Compared to previous studies, the significance of this project includes:
- Use continuous action space to simulate real-world environment and enhance its potential for future applications.
- Apply DDPG method to autonomous driving and optimize it on reward gain.
- Introduce the concept of social awareness to make the agent adhere to realistic human driving behaviors or real-world traffic regulations, such as adhering to safe stopping distance or speed limits.
Note that the code provided here is already the version after optimization, and it is proved to outperform the A2C model in stable-baselines by more than 500% in terms of average test reward.
- main.py: The training and evaluation procedure of the algorithm.
- ddpg.py: The main structure of the DDPG algorithm.

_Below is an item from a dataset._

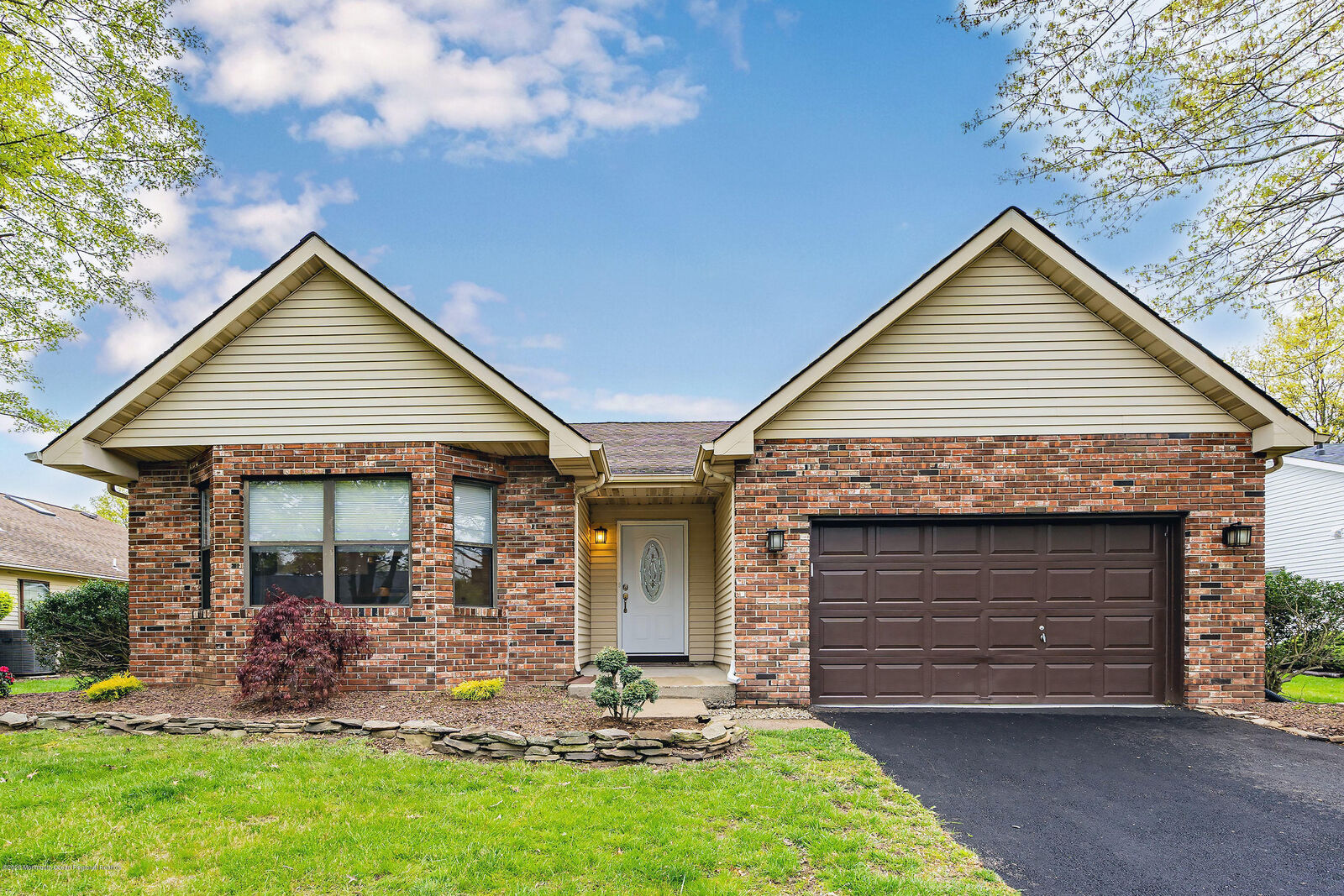 Property Photo:  4 Cross Lane  NJ 07746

- networks.py: The Actor and Critic networks applied in the DDPG algorithm.
- noise.py: The action noise used to enhance the agent's exploration
- utils.py: The evaluation method and other auxiliary functions, e.g., plotting.
A continuous action space which provides the choices of acceleration and steering angle is adopted. However, the range of steering range is confined to [-30, 30] degree based on the real-world scenario. Values of other elements, such as lane number or traffic density, are directly defined using the environment configuration provided by the highway-env and can be found in main.py.
Due to the choice of the continuous action space, different strategies are applied to prevent the agent from spinning, moving backward, or taking other unexpected actions and encourage it to adhere to the real-world regulations and driving behaviors as mentioned above.
The entire training takes 3,000 epochs with 300 maximum steps in each epoch to prevent overload. The networks are updated every step once the experience replay buffer, which has a size of 25000, is full. The type of exploration noise and learning rate scheduler are determined based on the optimization result, and the choices of the relevant parameters are stated in ddpg.py.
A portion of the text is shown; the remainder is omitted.